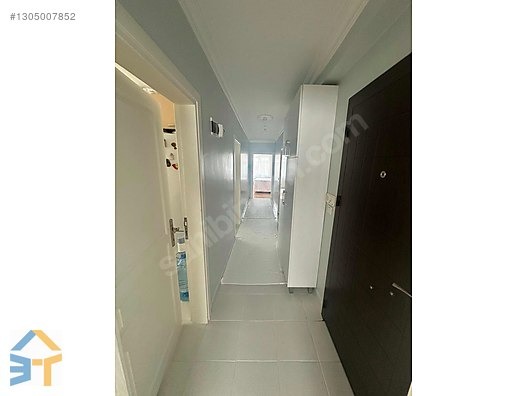 Maltepe Fındıklıda 2+1 Arakat Çift Balkonlu Satılık Daire - İSTANBUL MALTEPE fotoğraf 3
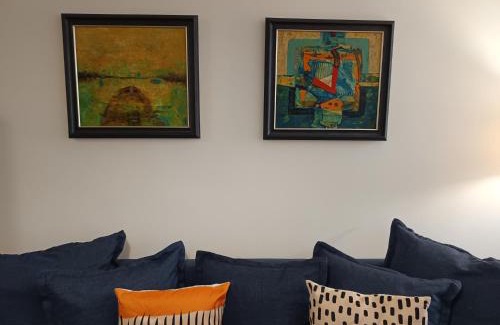 Avren Apartment | Апартамент в Oasis Beach Kamchia -THE FAVOURITE BLUE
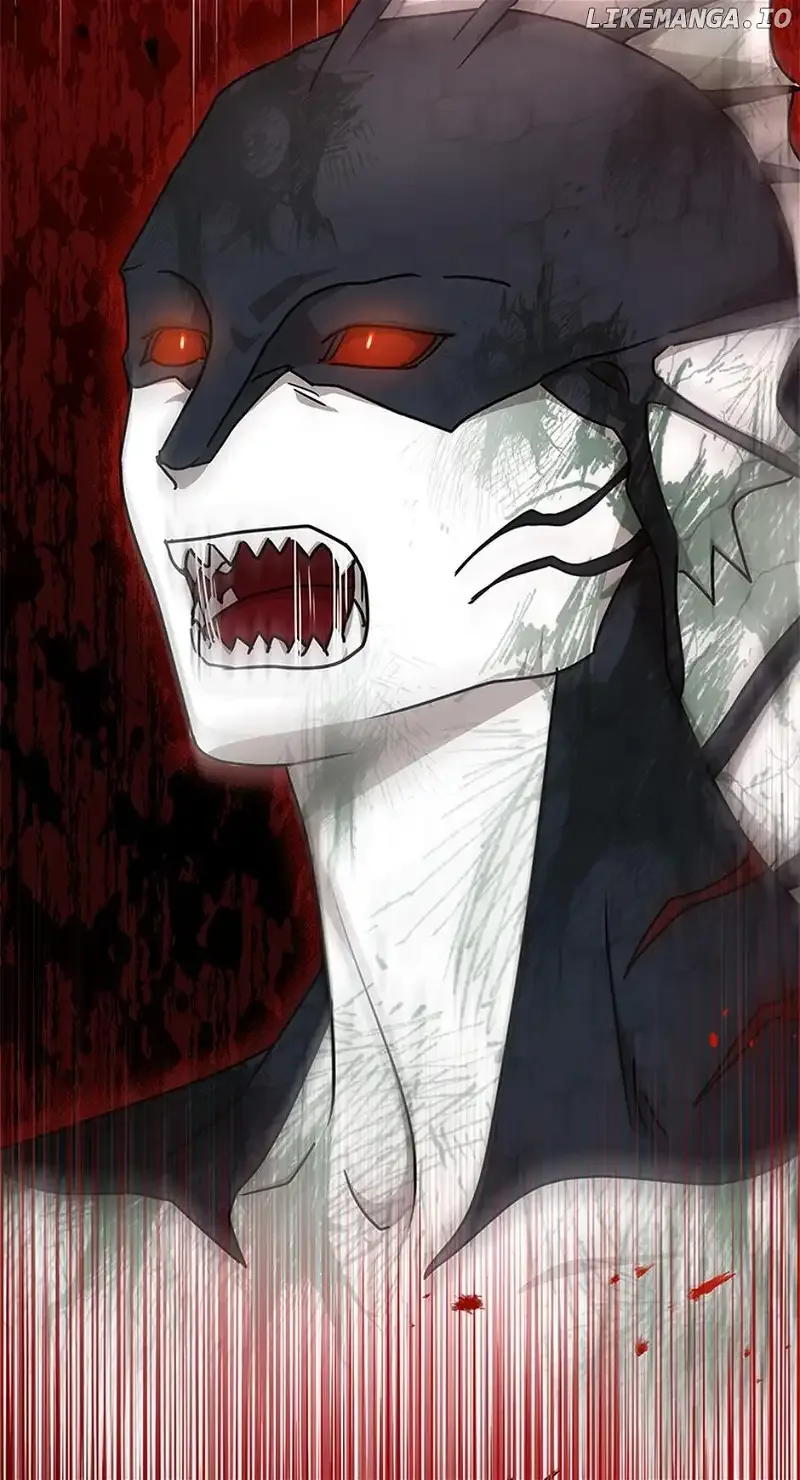 I Became the Head of the Family Chapter 59 page 13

▶ The task: What you produce should repeat the data word for word while omitting all images.

▶ Task result:
 Maltepe Fındıklıda 2+1 Arakat Çift Balkonlu Satılık Daire - İSTANBUL MALTEPE fotoğraf 3
 Avren Apartment | Апартамент в Oasis Beach Kamchia -THE FAVOURITE BLUE
 I Became the Head of the Family Chapter 59 page 13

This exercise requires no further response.